- [What you need to do]:
Please write out each entry below exactly as given.

- [Supplied records]:
* * *
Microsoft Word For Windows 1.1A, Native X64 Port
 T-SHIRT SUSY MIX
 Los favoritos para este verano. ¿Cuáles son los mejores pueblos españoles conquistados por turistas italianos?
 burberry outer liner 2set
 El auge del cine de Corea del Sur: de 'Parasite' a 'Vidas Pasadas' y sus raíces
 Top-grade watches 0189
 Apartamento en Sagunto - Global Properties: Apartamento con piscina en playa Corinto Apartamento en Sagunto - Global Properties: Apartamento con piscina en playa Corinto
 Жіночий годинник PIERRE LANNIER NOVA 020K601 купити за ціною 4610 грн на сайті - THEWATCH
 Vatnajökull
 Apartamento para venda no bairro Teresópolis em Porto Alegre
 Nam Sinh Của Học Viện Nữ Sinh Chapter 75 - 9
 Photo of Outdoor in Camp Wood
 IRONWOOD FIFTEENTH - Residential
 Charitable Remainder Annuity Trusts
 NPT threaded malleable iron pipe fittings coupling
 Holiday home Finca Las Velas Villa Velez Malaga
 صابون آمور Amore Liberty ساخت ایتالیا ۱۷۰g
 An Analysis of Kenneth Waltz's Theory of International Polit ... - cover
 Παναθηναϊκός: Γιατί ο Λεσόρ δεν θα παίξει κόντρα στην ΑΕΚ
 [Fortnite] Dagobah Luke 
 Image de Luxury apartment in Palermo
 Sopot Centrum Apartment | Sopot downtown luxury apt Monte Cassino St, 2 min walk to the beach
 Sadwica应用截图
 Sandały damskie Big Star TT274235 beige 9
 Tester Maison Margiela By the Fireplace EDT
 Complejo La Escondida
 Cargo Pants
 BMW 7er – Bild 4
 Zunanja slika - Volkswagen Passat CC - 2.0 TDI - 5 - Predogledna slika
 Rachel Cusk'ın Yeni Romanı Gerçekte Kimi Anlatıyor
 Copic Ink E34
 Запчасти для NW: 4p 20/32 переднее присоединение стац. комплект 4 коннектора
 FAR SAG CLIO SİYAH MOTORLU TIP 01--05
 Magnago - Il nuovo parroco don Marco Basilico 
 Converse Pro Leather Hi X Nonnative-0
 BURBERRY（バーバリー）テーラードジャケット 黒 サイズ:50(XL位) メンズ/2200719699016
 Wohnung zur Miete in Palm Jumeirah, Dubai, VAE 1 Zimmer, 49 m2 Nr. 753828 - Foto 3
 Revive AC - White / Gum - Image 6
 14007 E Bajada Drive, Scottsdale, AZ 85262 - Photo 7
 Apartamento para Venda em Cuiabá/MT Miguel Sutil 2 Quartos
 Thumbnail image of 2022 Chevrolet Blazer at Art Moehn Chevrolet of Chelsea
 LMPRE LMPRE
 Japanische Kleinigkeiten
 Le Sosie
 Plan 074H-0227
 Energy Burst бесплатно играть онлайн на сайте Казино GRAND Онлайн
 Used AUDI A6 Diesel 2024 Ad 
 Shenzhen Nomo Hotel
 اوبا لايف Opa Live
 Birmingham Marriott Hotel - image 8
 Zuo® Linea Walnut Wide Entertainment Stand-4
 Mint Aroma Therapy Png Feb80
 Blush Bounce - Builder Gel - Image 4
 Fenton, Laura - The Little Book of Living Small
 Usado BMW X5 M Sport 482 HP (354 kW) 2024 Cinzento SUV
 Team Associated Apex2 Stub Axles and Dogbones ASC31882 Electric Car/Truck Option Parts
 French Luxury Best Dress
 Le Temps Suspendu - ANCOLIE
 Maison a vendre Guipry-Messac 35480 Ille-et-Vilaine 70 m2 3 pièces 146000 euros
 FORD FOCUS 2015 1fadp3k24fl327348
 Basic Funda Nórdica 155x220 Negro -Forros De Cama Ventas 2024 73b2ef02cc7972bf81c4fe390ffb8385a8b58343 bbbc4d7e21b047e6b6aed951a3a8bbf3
* * *
- [Solution for this problem]:
Microsoft Word For Windows 1.1A, Native X64 Port
 T-SHIRT SUSY MIX
 Los favoritos para este verano. ¿Cuáles son los mejores pueblos españoles conquistados por turistas italianos?
 burberry outer liner 2set
 El auge del cine de Corea del Sur: de 'Parasite' a 'Vidas Pasadas' y sus raíces
 Top-grade watches 0189
 Apartamento en Sagunto - Global Properties: Apartamento con piscina en playa Corinto Apartamento en Sagunto - Global Properties: Apartamento con piscina en playa Corinto
 Жіночий годинник PIERRE LANNIER NOVA 020K601 купити за ціною 4610 грн на сайті - THEWATCH
 Vatnajökull
 Apartamento para venda no bairro Teresópolis em Porto Alegre
 Nam Sinh Của Học Viện Nữ Sinh Chapter 75 - 9
 Photo of Outdoor in Camp Wood
 IRONWOOD FIFTEENTH - Residential
 Charitable Remainder Annuity Trusts
 NPT threaded malleable iron pipe fittings coupling
 Holiday home Finca Las Velas Villa Velez Malaga
 صابون آمور Amore Liberty ساخت ایتالیا ۱۷۰g
 An Analysis of Kenneth Waltz's Theory of International Polit ... - cover
 Παναθηναϊκός: Γιατί ο Λεσόρ δεν θα παίξει κόντρα στην ΑΕΚ
 [Fortnite] Dagobah Luke 
 Image de Luxury apartment in Palermo
 Sopot Centrum Apartment | Sopot downtown luxury apt Monte Cassino St, 2 min walk to the beach
 Sadwica应用截图
 Sandały damskie Big Star TT274235 beige 9
 Tester Maison Margiela By the Fireplace EDT
 Complejo La Escondida
 Cargo Pants
 BMW 7er – Bild 4
 Zunanja slika - Volkswagen Passat CC - 2.0 TDI - 5 - Predogledna slika
 Rachel Cusk'ın Yeni Romanı Gerçekte Kimi Anlatıyor
 Copic Ink E34
 Запчасти для NW: 4p 20/32 переднее присоединение стац. комплект 4 коннектора
 FAR SAG CLIO SİYAH MOTORLU TIP 01--05
 Magnago - Il nuovo parroco don Marco Basilico 
 Converse Pro Leather Hi X Nonnative-0
 BURBERRY（バーバリー）テーラードジャケット 黒 サイズ:50(XL位) メンズ/2200719699016
 Wohnung zur Miete in Palm Jumeirah, Dubai, VAE 1 Zimmer, 49 m2 Nr. 753828 - Foto 3
 Revive AC - White / Gum - Image 6
 14007 E Bajada Drive, Scottsdale, AZ 85262 - Photo 7
 Apartamento para Venda em Cuiabá/MT Miguel Sutil 2 Quartos
 Thumbnail image of 2022 Chevrolet Blazer at Art Moehn Chevrolet of Chelsea
 LMPRE LMPRE
 Japanische Kleinigkeiten
 Le Sosie
 Plan 074H-0227
 Energy Burst бесплатно играть онлайн на сайте Казино GRAND Онлайн
 Used AUDI A6 Diesel 2024 Ad 
 Shenzhen Nomo Hotel
 اوبا لايف Opa Live
 Birmingham Marriott Hotel - image 8
 Zuo® Linea Walnut Wide Entertainment Stand-4
 Mint Aroma Therapy Png Feb80
 Blush Bounce - Builder Gel - Image 4
 Fenton, Laura - The Little Book of Living Small
 Usado BMW X5 M Sport 482 HP (354 kW) 2024 Cinzento SUV
 Team Associated Apex2 Stub Axles and Dogbones ASC31882 Electric Car/Truck Option Parts
 French Luxury Best Dress
 Le Temps Suspendu - ANCOLIE
 Maison a vendre Guipry-Messac 35480 Ille-et-Vilaine 70 m2 3 pièces 146000 euros
 FORD FOCUS 2015 1fadp3k24fl327348
 Basic Funda Nórdica 155x220 Negro -Forros De Cama Ventas 2024 73b2ef02cc7972bf81c4fe390ffb8385a8b58343 bbbc4d7e21b047e6b6aed951a3a8bbf3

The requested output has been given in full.